Experts hope to convince the US government to reform the NSA

Jan 27, 2014 13:11 GMT  ·  By

Barack Obama may have announced his planned reforms for the NSA surveillance programs, but most people aren’t happy with them. Privacy advocates, world leaders and tech companies have expressed their doubts that this is going to fix any of the issues.

More than 50 cryptography experts have joined the ranks and signed an open letter addressed to Obama, asking him to put an end to mass surveillance.

“The value of society-wide surveillance in preventing terrorism is unclear, but the threat that such surveillance poses to privacy, democracy, and the US technology sector is readily apparent.

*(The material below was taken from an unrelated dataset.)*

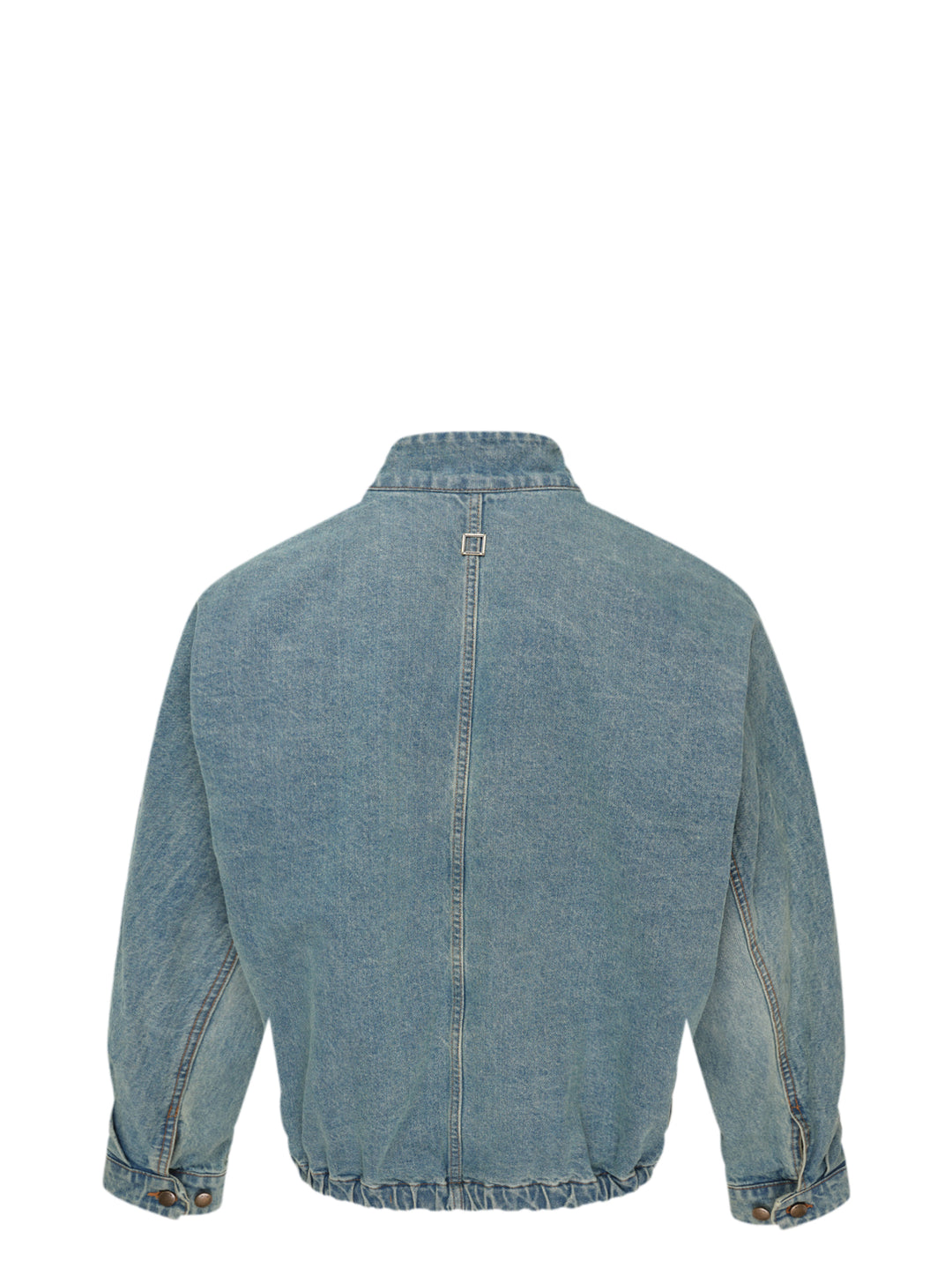 Wooyoungmi washed light indigo denim blouson with funnel collar, brass zip closure, hip pockets, and small logo embroidery on the chest - view 2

Because transparency and public consent are at the core of our democracy, we call upon the US government to subject all mass-surveillance activities to public scrutiny and to resist the deployment of mass-surveillance programs in advance of sound technical and social controls,” the letter reads.

Furthermore, the cryptographers believe that it’s not an issue of allowing the NSA to spy, but rather of providing users a communications infrastructure that isn’t vulnerable to attacks.

“Every country, including our own, must give intelligence and law-enforcement authorities the means to pursue terrorists and criminals, but we can do so without fundamentally undermining the security that enables commerce, entertainment, personal communication, and other aspects of 21st-century life,” the group wrote.

Finally, they urged the US government to reject society-wide surveillance and the subversion of security technology and to adopt state-of-the-art, privacy-preserving technology. Furthermore, they want the government to ensure that any new policies will be guided by enunciated principals, will support human rights, trustworthy commerce and technical innovation.

The list of signers includes professors from major universities, as well as members of various associations. Bruce Schneier, who has been working with journalists writing on the Snowden files, is also on the list.

One of the biggest revelations thus far has been that the NSA has been trying to damage encryption standards everywhere by getting companies to implement backdoors.